(Working data begins)
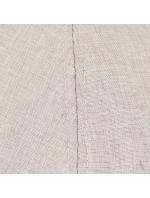 Umění póla 22146 Charlesova přilba Umění póla 22146 Charlesova přilba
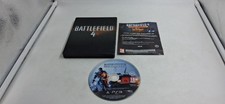 Jeu Sony Playstation 3 PS3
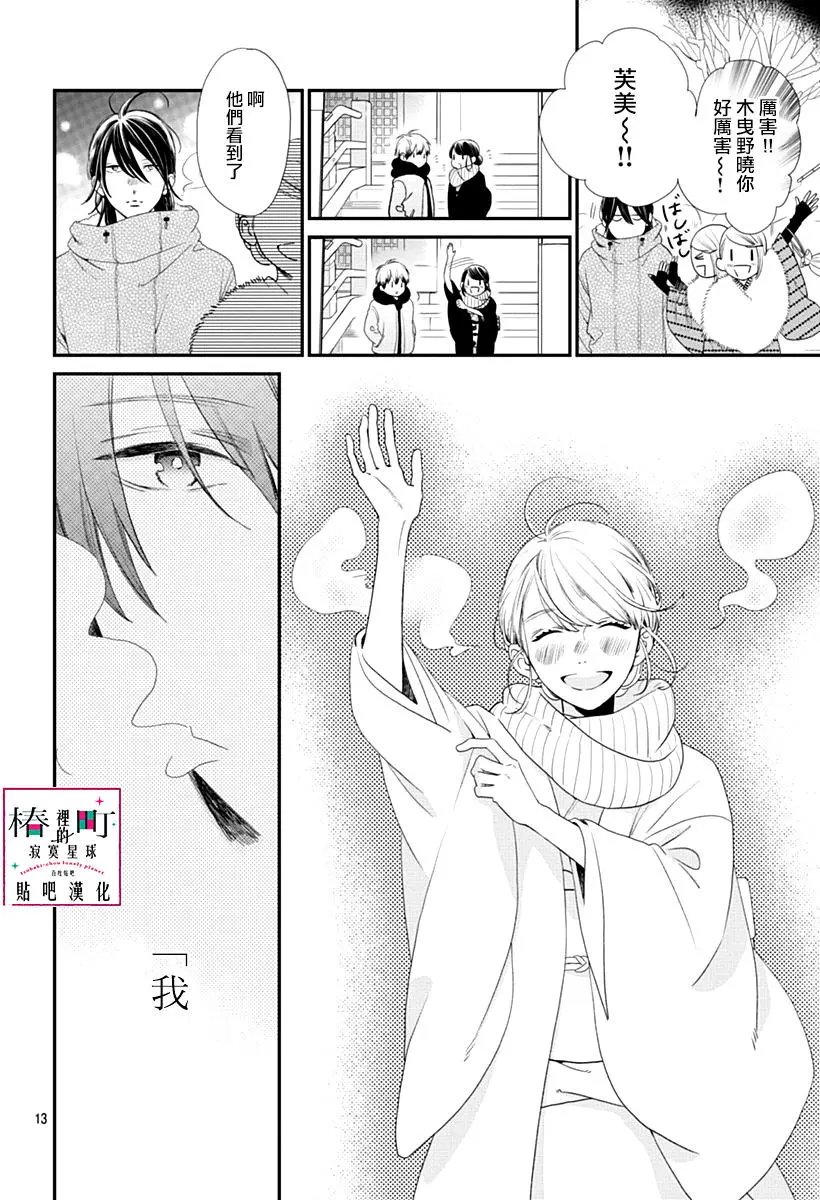 第59回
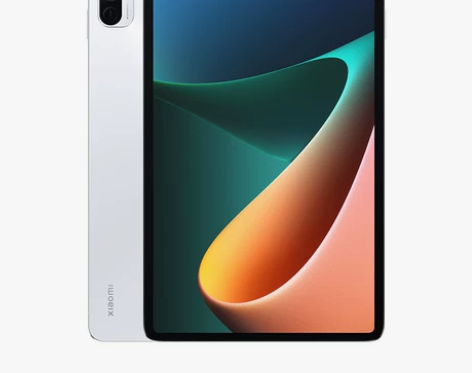 【热销爆品】Xiaomi/小米平板5骁龙8...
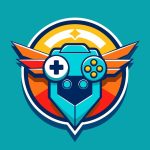 2025'te E-spor ve Dijital Oyun Endüstrisinin Büyümesi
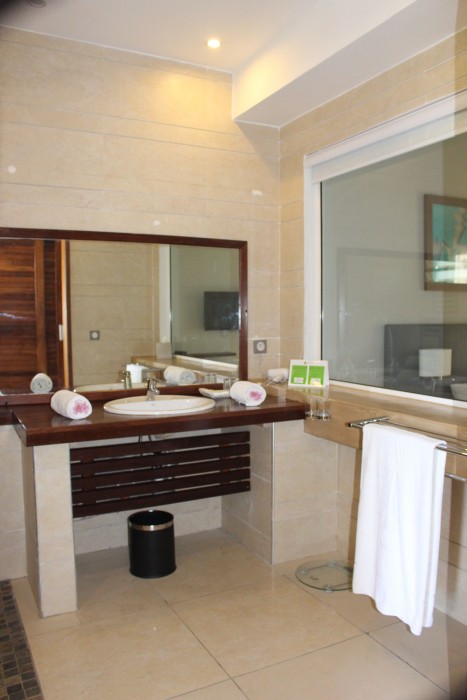 Palm Beach Resort Spa 42/90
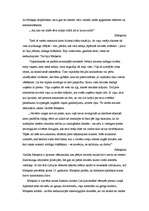 Referāts 'Merķelis un latvieši', 5.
(Working data ends)
▶ [Task] Would you please write out the entries in full, exactly as they read, but without pictures?

▶ [Problem solution]
 Umění póla 22146 Charlesova přilba Umění póla 22146 Charlesova přilba
 Jeu Sony Playstation 3 PS3
 第59回
 【热销爆品】Xiaomi/小米平板5骁龙8...
 2025'te E-spor ve Dijital Oyun Endüstrisinin Büyümesi
 Palm Beach Resort Spa 42/90
 Referāts 'Merķelis un latvieši', 5.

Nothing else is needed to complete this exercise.